◆ **Exercise**:
Copy the records below, from the line containing "Threadless Tepelpiercing met" through the last line; leave out pictures.

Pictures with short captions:
*** Block opens ***

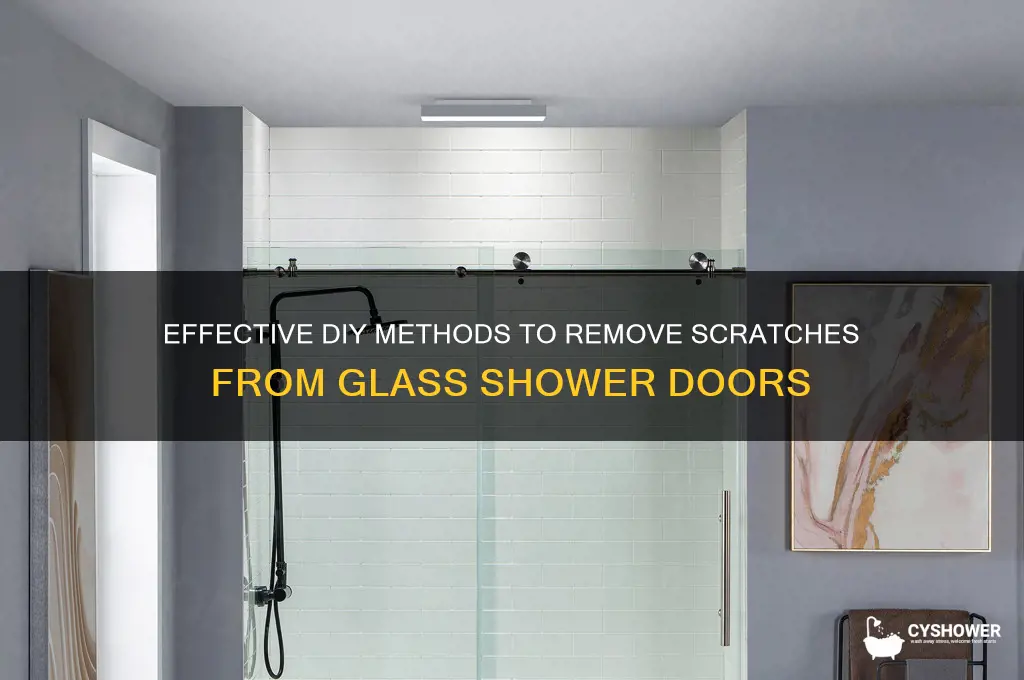 how to get scratches out of glass shower door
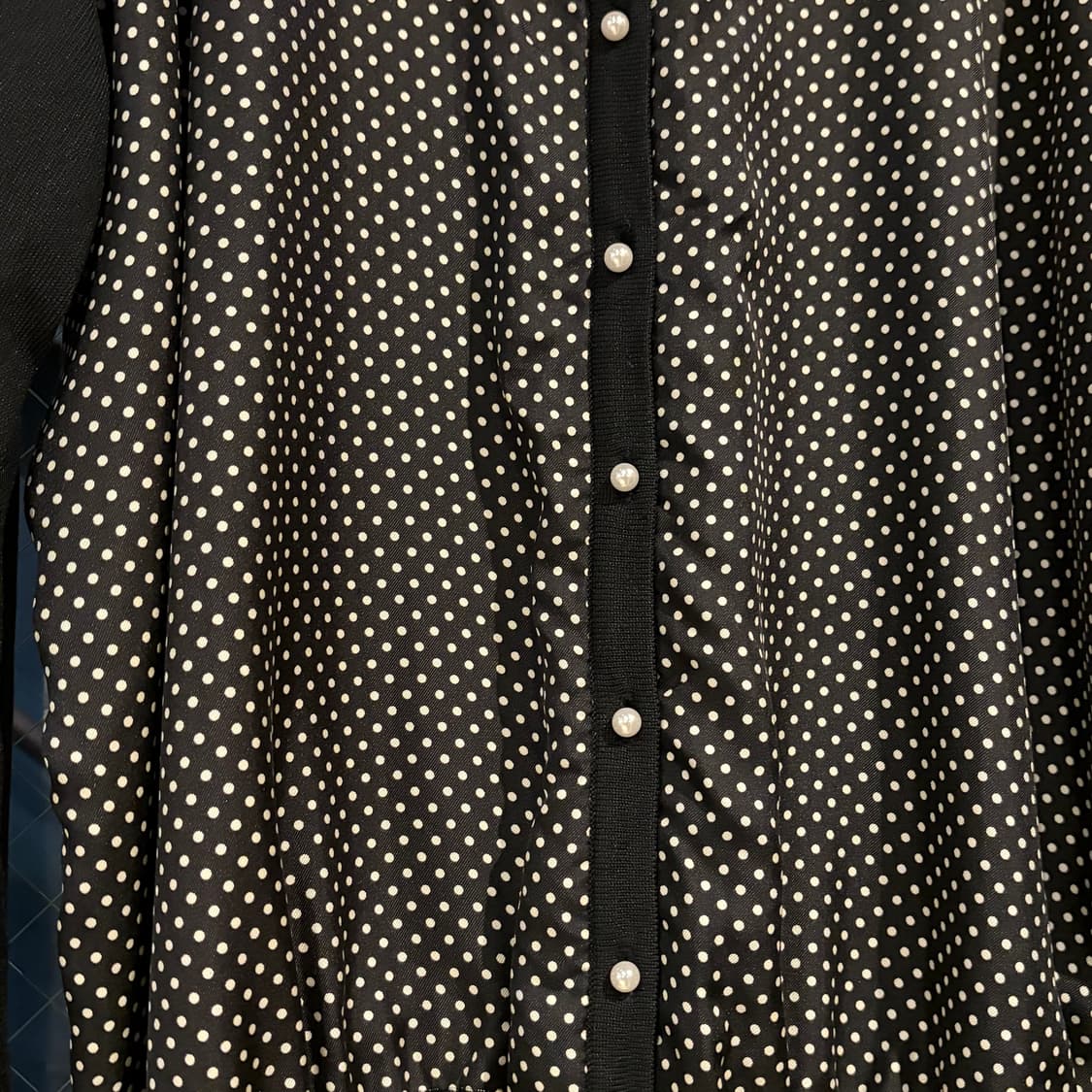 Polo Ralph Lauren 폴로 랄프로렌 도트 진주 배색 가디건 상품이미지7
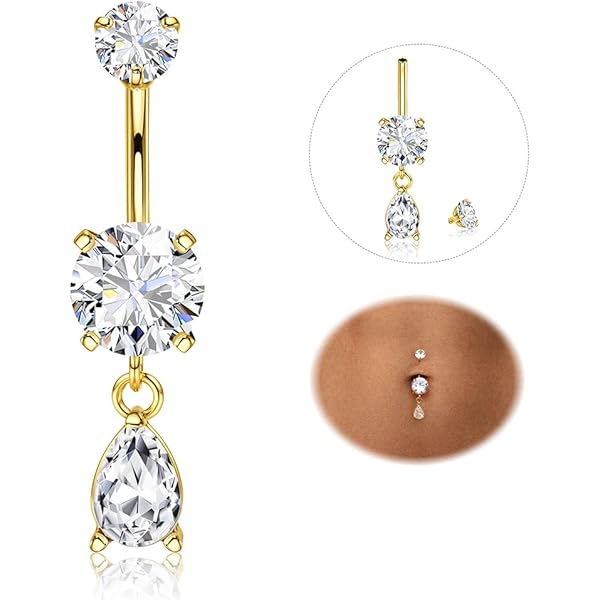 Threadless Tepelpiercing met hartvorimge kristallen - Zilver - Helder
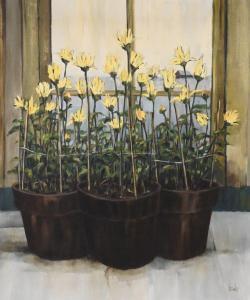 BAILEY ROY 1933-2002,Chrysanthemums in Pot,1975,Nadeau US 2024-01-01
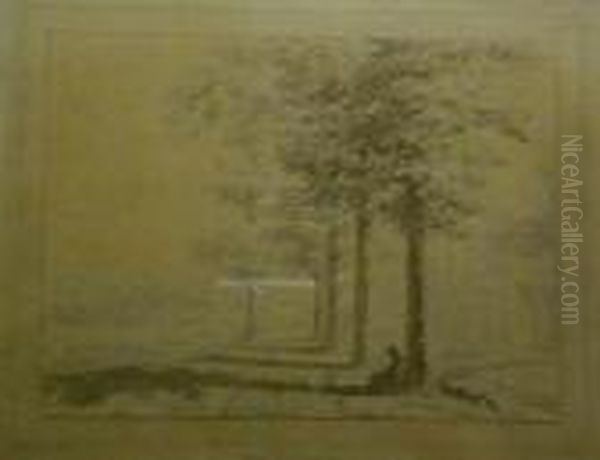 Dessinateurs Dans Un Paysage Oil Painting by Jean-Baptiste Isabey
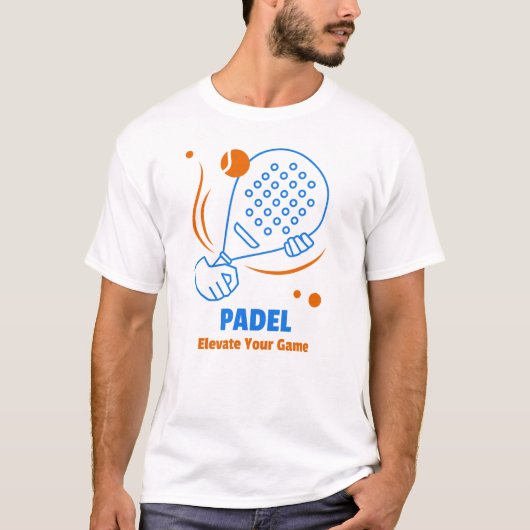 Padel：ゲームを昇格する Tシャツ (正面)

*** Block closes ***

◆ **Task response**:
 Threadless Tepelpiercing met hartvorimge kristallen - Zilver - Helder
 BAILEY ROY 1933-2002,Chrysanthemums in Pot,1975,Nadeau US 2024-01-01
 Dessinateurs Dans Un Paysage Oil Painting by Jean-Baptiste Isabey
 Padel：ゲームを昇格する Tシャツ (正面)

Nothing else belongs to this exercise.